もともとはクドカン(宮藤官九郎)の芝居でそれを映画用に書き下ろしたものを、CM界で名が知れている細野ひで晃が初監督という作品「鈍獣」を観る。タイトルからや、そして人物設定などから、はちゃめちゃなコメディかと思いきや、ぼくには非常に真面目な映画に思えた。

始まりは、失踪した小説家を捜しに女性編集者がある町に着いたところからで、この町が相撲の町というなんとも訳のわからない設定で驚かされる。その町で、その小説家の同級生や友人から消息を聞き出そうとするが、そんな彼、彼女の言っていることがまたまたハチャメチャで、ウソかマコトかもわからないという展開である。
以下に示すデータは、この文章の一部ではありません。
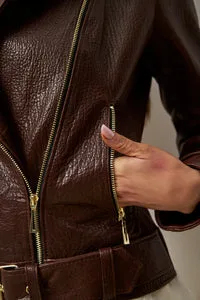 Mareus 624 Amber Cognac geaca piele biker dama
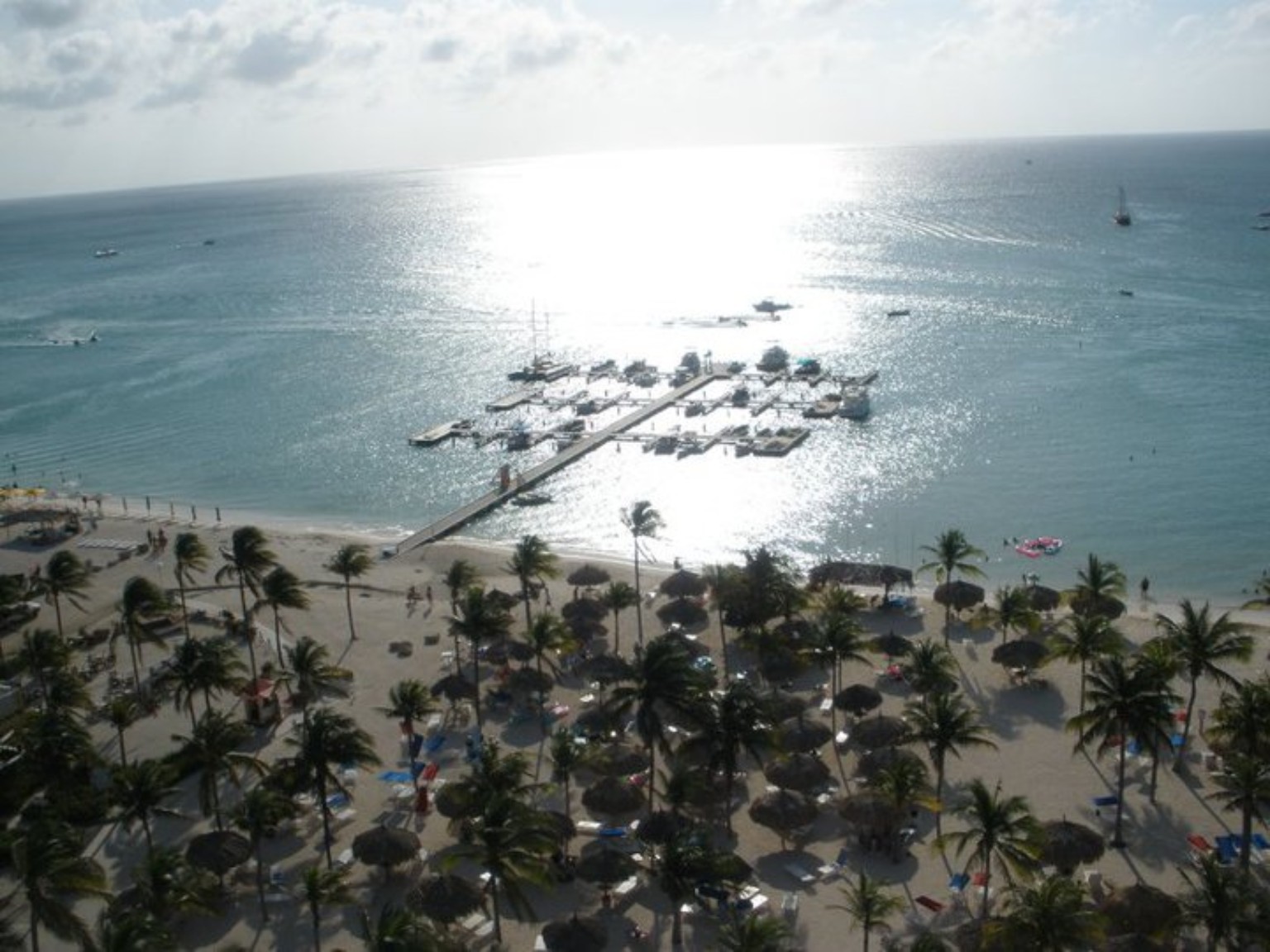 Sun glinting off the Caribbean Sea in Aruba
そのうち、同級生3人の小学校時代のエピソードが語られ、その知られたくない過去をその小説家が「鈍獣」という題で雑誌に連載していることがわかる。その過去を書くのをやめさせようとしてその小説家を殺そうとするが、何度も殺されかけるが死なないのだ。鈍感な男、すなわち鈍獣である。

その知られたくない過去というのは、同級生を鉄橋を渡る肝だめしで死なせてしまったと思いこんでいることで、この辺りになると、ドタバタ「スタンドバイミー」の世界になるわけで、過去の苦い思い出を共有する大人が過去を振り返るという物語である。

この小説家に浅野忠信、同級生だったやくざに北村一輝、警官にユースケ・サンタマリア、女性陣は編集者として真木よう子、やくざの情婦に南野陽子、ギャルに佐津川愛美とうという布陣。それぞれのキャラが立ちすぎているがおもしろい。

さすが、宮藤官九郎の脚本と思わせるギャクの連発で笑ってしまう。あまり、デフォルメした表面だけみていると、何だ悪ふざけも過ぎるなんて思う人もいると思うが、例えば、地方と東京の対比といった現代の悩みみたいなものもまじめに採り入れていて、けっして作品の質を落としているとは思えない。